Web page caption snippets
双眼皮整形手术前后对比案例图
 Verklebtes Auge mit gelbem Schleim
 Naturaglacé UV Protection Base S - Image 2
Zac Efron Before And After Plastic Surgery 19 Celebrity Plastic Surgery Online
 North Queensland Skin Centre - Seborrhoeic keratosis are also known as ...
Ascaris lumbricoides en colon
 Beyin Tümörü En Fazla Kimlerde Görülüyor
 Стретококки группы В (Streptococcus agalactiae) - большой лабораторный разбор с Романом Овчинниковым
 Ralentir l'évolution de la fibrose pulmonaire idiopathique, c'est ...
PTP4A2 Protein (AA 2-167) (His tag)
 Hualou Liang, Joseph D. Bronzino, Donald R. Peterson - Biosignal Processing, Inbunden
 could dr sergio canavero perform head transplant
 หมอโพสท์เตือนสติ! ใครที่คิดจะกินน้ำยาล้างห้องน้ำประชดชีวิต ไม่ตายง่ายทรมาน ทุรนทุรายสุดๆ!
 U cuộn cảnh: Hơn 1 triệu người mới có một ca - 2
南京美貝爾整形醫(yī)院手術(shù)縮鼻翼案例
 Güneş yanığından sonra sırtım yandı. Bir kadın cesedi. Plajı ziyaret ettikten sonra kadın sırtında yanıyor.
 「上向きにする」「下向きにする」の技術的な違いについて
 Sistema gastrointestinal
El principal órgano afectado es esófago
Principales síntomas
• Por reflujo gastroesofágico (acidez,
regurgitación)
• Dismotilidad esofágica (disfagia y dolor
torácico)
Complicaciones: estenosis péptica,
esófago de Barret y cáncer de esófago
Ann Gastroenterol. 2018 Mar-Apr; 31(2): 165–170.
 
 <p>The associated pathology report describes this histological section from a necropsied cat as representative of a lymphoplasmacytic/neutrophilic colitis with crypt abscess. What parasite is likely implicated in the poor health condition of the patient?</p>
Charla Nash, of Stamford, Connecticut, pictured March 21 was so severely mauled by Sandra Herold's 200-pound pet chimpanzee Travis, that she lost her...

* **Instructions for the task**
The entire set of entries, and nothing else, should be set down exactly.

* **Exercise result**
双眼皮整形手术前后对比案例图
 Verklebtes Auge mit gelbem Schleim
 Naturaglacé UV Protection Base S - Image 2
Zac Efron Before And After Plastic Surgery 19 Celebrity Plastic Surgery Online
 North Queensland Skin Centre - Seborrhoeic keratosis are also known as ...
Ascaris lumbricoides en colon
 Beyin Tümörü En Fazla Kimlerde Görülüyor
 Стретококки группы В (Streptococcus agalactiae) - большой лабораторный разбор с Романом Овчинниковым
 Ralentir l'évolution de la fibrose pulmonaire idiopathique, c'est ...
PTP4A2 Protein (AA 2-167) (His tag)
 Hualou Liang, Joseph D. Bronzino, Donald R. Peterson - Biosignal Processing, Inbunden
 could dr sergio canavero perform head transplant
 หมอโพสท์เตือนสติ! ใครที่คิดจะกินน้ำยาล้างห้องน้ำประชดชีวิต ไม่ตายง่ายทรมาน ทุรนทุรายสุดๆ!
 U cuộn cảnh: Hơn 1 triệu người mới có một ca - 2
南京美貝爾整形醫(yī)院手術(shù)縮鼻翼案例
 Güneş yanığından sonra sırtım yandı. Bir kadın cesedi. Plajı ziyaret ettikten sonra kadın sırtında yanıyor.
 「上向きにする」「下向きにする」の技術的な違いについて
 Sistema gastrointestinal
El principal órgano afectado es esófago
Principales síntomas
• Por reflujo gastroesofágico (acidez,
regurgitación)
• Dismotilidad esofágica (disfagia y dolor
torácico)
Complicaciones: estenosis péptica,
esófago de Barret y cáncer de esófago
Ann Gastroenterol. 2018 Mar-Apr; 31(2): 165–170.
 
 <p>The associated pathology report describes this histological section from a necropsied cat as representative of a lymphoplasmacytic/neutrophilic colitis with crypt abscess. What parasite is likely implicated in the poor health condition of the patient?</p>
Charla Nash, of Stamford, Connecticut, pictured March 21 was so severely mauled by Sandra Herold's 200-pound pet chimpanzee Travis, that she lost her...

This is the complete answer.